> **DATASET EXCERPT**:
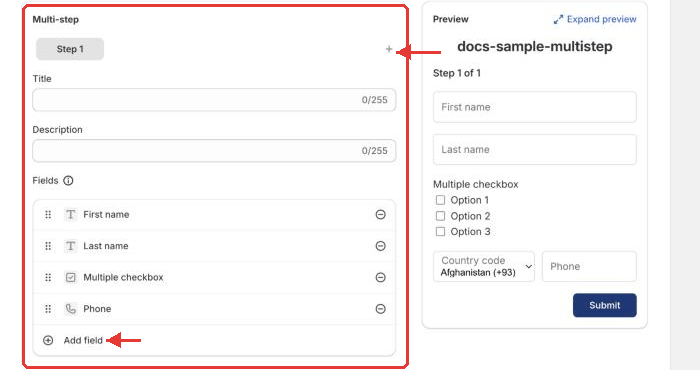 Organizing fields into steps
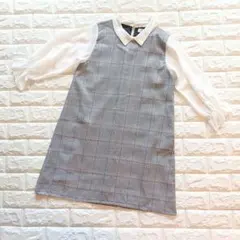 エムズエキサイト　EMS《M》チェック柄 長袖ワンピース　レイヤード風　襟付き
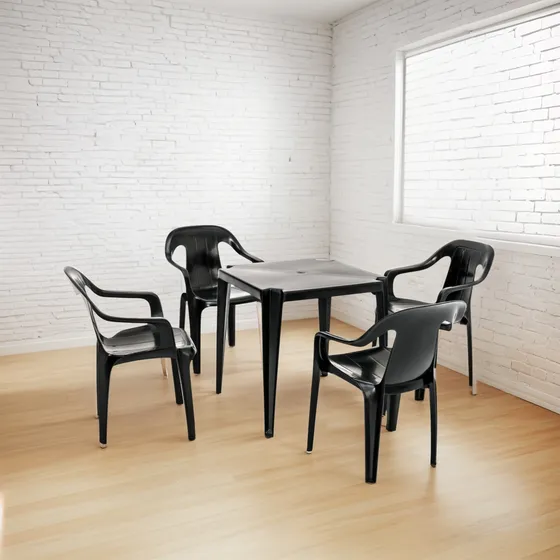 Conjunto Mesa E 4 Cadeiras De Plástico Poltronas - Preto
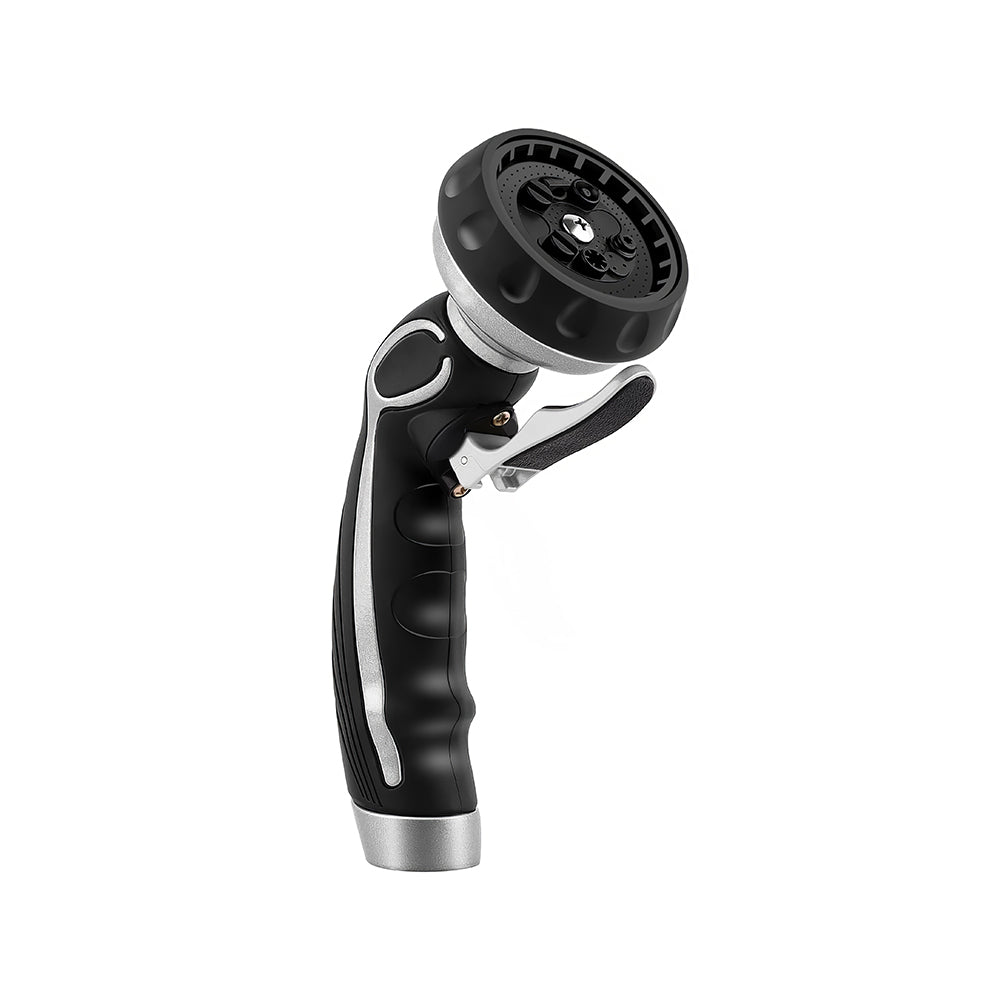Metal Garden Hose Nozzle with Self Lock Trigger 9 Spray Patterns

> **YOUR ASSIGNMENT**: Copy every line above exactly; images stay out.

> **ANSWER TO THIS EXERCISE**:
 Organizing fields into steps
 エムズエキサイト　EMS《M》チェック柄 長袖ワンピース　レイヤード風　襟付き
 Conjunto Mesa E 4 Cadeiras De Plástico Poltronas - Preto
Metal Garden Hose Nozzle with Self Lock Trigger 9 Spray Patterns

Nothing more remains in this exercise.